The Mechanics of Colonialism
During the 11th and 12th centuries, in an age before gunpowder, the Normans were able to conquer England by constructing forts (motte-and-bailey “castles”) on newly occupied land.
The exact same method – colonisation by fort-building – was employed in Southern Appalachia by land-hungry Americans in the aftermath of the Revolutionary War.
Settlers were not entering a wilderness.
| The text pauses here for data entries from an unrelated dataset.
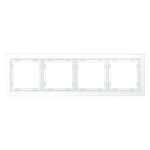 Рамка стеклянная VOLTUM S70 на 4 поста, (белый,матовый,стекло)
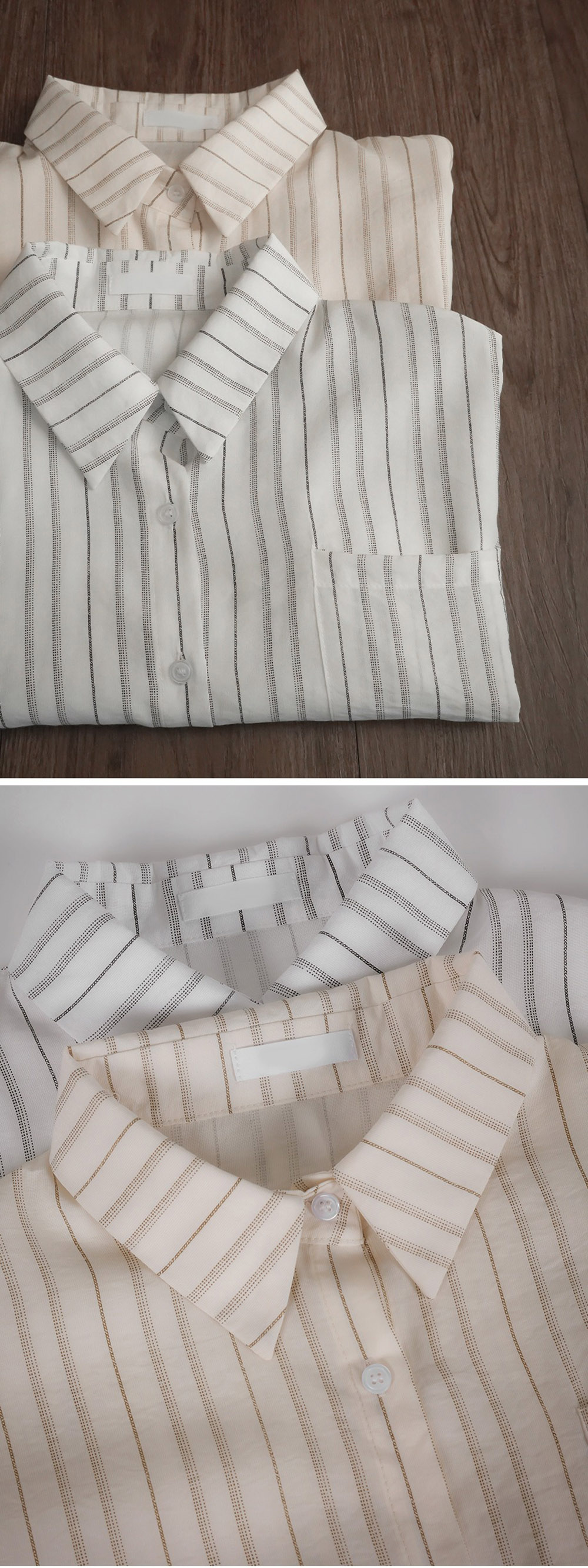 休閒日常棉質條紋襯衫,KOREA,357663,休閒日常棉質條紋襯衫,領500,999免運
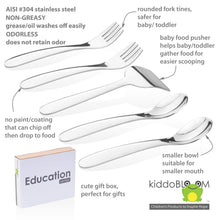 Load image into Gallery viewer, Baby stainless steel utensil set with smooth edge. The set contains two forks, two spoons, and a food pusher.
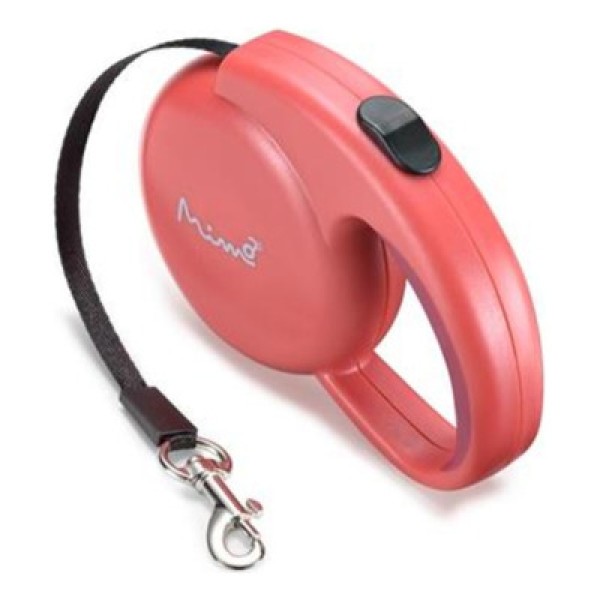 Encontraproduto.com.br - Guia Retrátil Mimo Runner Emborrachada Fita 3 Metros até 8kgs (PP) - Vermelho - PP031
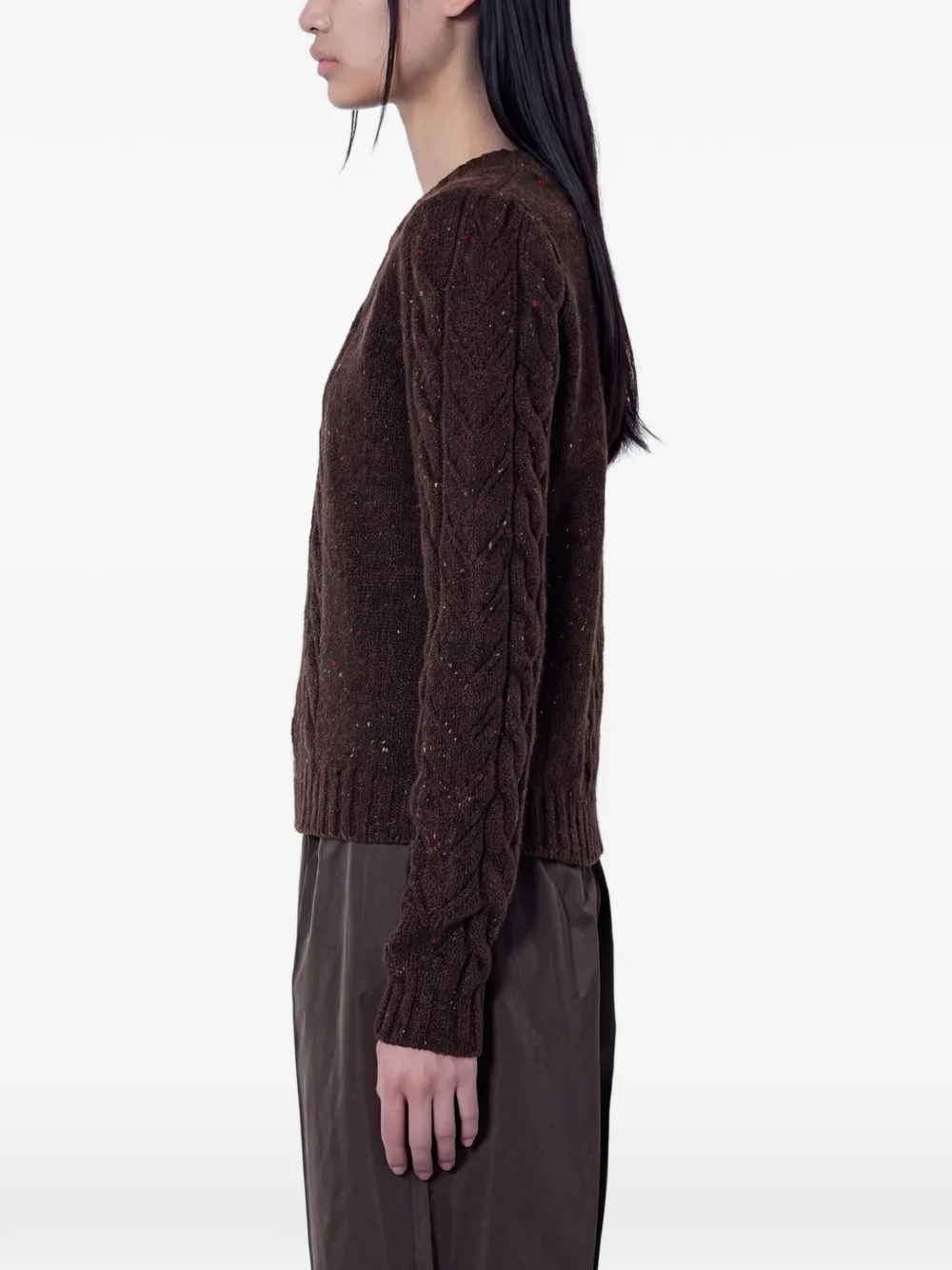 Max Mara Kabelgebreide trui met ronde hals Bruin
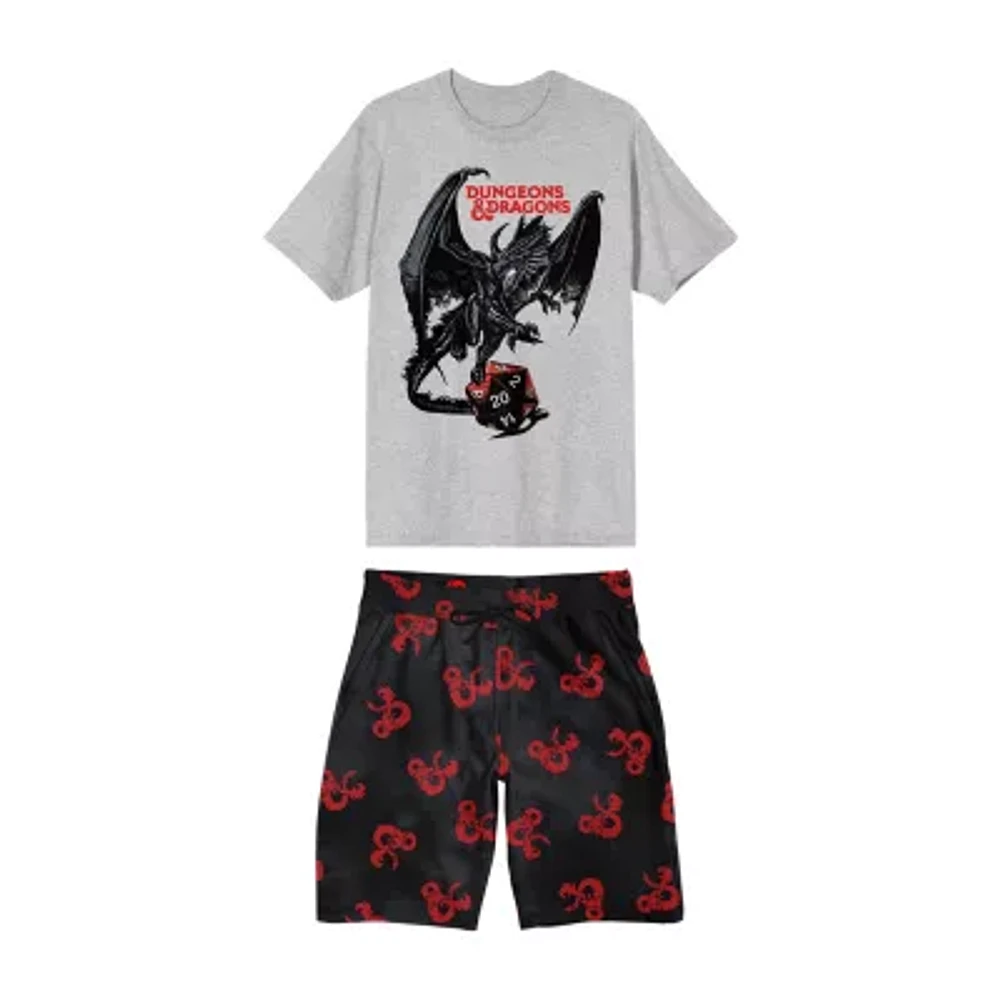 Dungeons And Dragons Mens Crew Neck Short Sleeve 2-pc. Pajama Sets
They were entering lands with existing communities, trade networks, farms, and towns.
This is why the Americans who followed the first trappers and longhunters had to build “stations”, blockhouses, and forts along the trails and rivers by which they were entering and intruding upon land belonging to others.
With the advantage of an almost inexhaustible source population, gunpowder and firearms, this American-style “motte-and-bailey” system of occupation took far less time than the earlier, but similar, Norman subjugation of England.
This system can be seen in action to this very day, in places like the Levant, where illegal Israeli settlements on Palestinian land (the equivalent of Appalachian longhunters and squatters) are eventually fully supported by the coloniser’s military installations and a judicial system weighted in favour of the coloniser.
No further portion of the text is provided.